LISTED RECORDS:

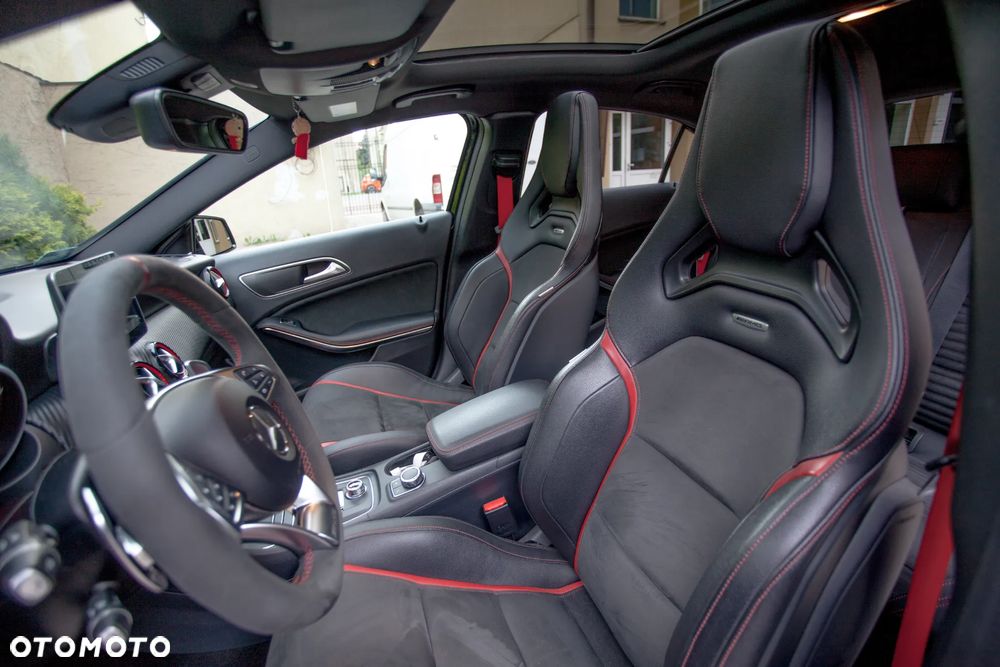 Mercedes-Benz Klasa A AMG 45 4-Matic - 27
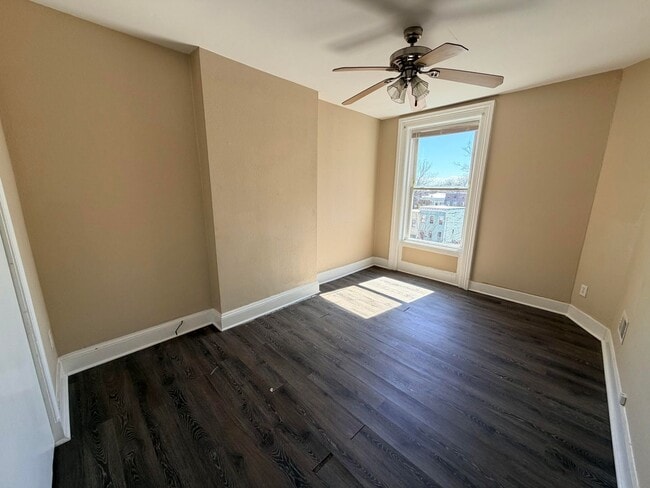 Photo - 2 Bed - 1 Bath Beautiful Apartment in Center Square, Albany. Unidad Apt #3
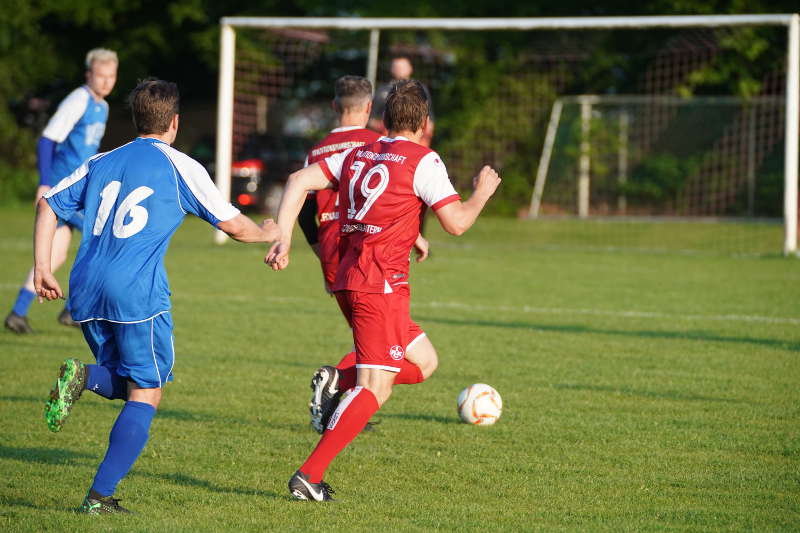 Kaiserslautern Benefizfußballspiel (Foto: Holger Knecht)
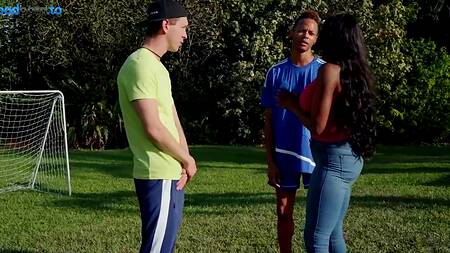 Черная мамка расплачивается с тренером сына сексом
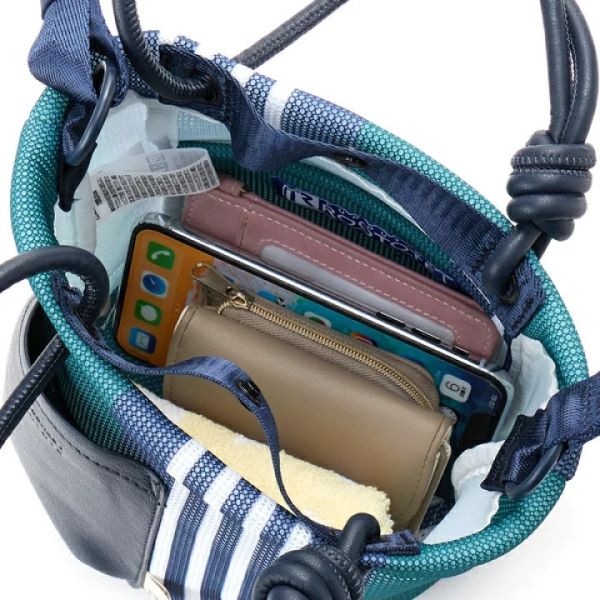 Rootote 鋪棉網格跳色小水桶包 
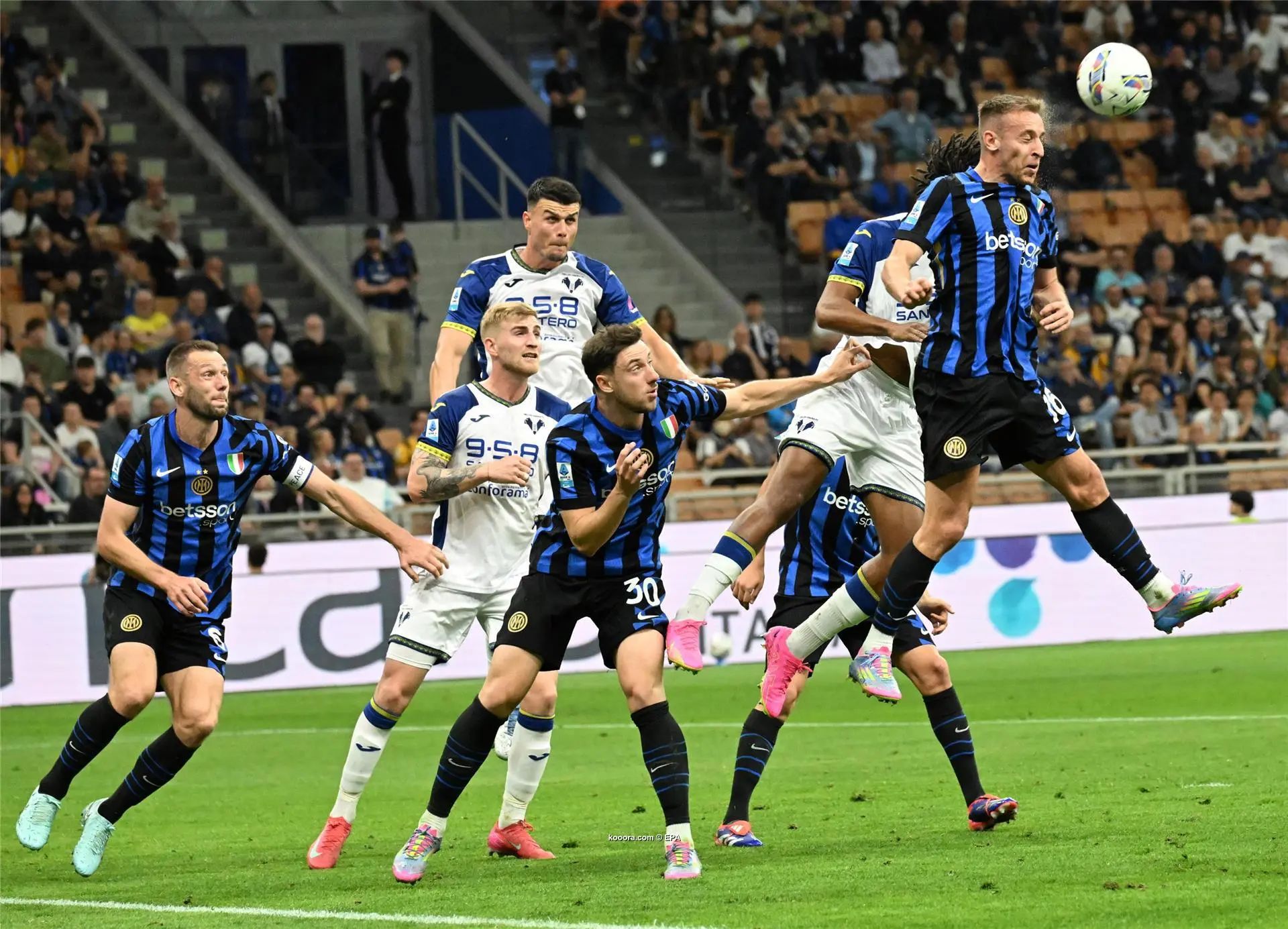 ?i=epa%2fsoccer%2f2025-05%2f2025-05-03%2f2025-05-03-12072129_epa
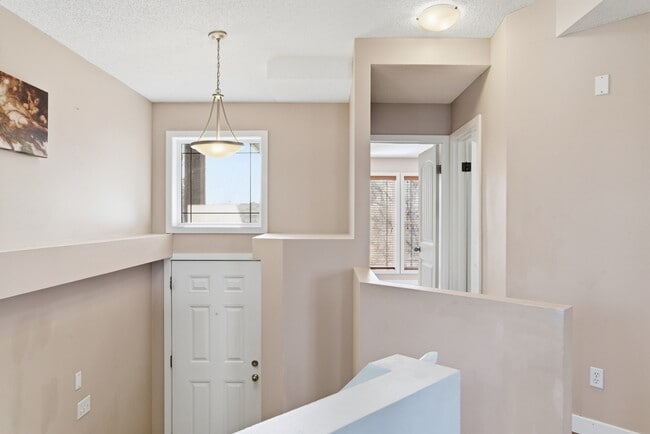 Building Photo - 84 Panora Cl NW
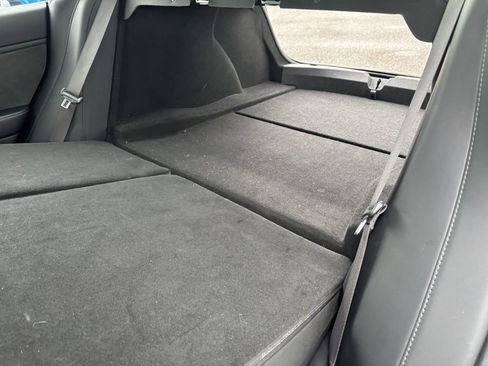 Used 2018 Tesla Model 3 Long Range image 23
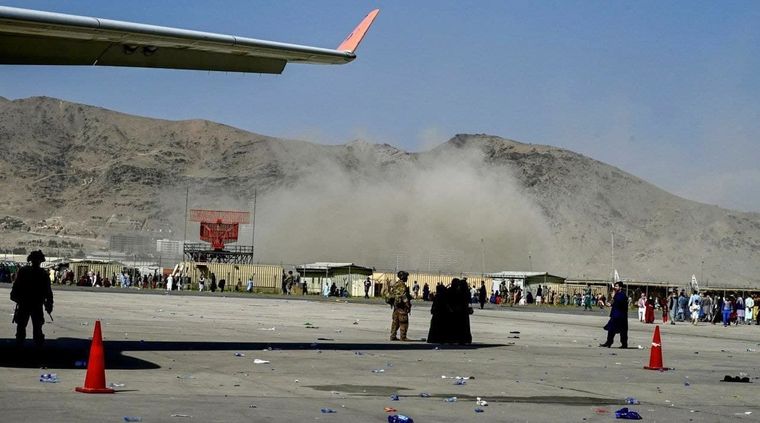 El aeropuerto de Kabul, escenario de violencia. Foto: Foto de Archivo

TASK PROMPT:
Without the pictures, transcribe exactly the lines above from the one containing "Kaiserslautern Benefizfußballspiel (Foto: Holger" through the last.

ANSWER FOR THE TASK:
 Kaiserslautern Benefizfußballspiel (Foto: Holger Knecht)
 Черная мамка расплачивается с тренером сына сексом
 Rootote 鋪棉網格跳色小水桶包 
 ?i=epa%2fsoccer%2f2025-05%2f2025-05-03%2f2025-05-03-12072129_epa
 Building Photo - 84 Panora Cl NW
 Used 2018 Tesla Model 3 Long Range image 23
 El aeropuerto de Kabul, escenario de violencia. Foto: Foto de Archivo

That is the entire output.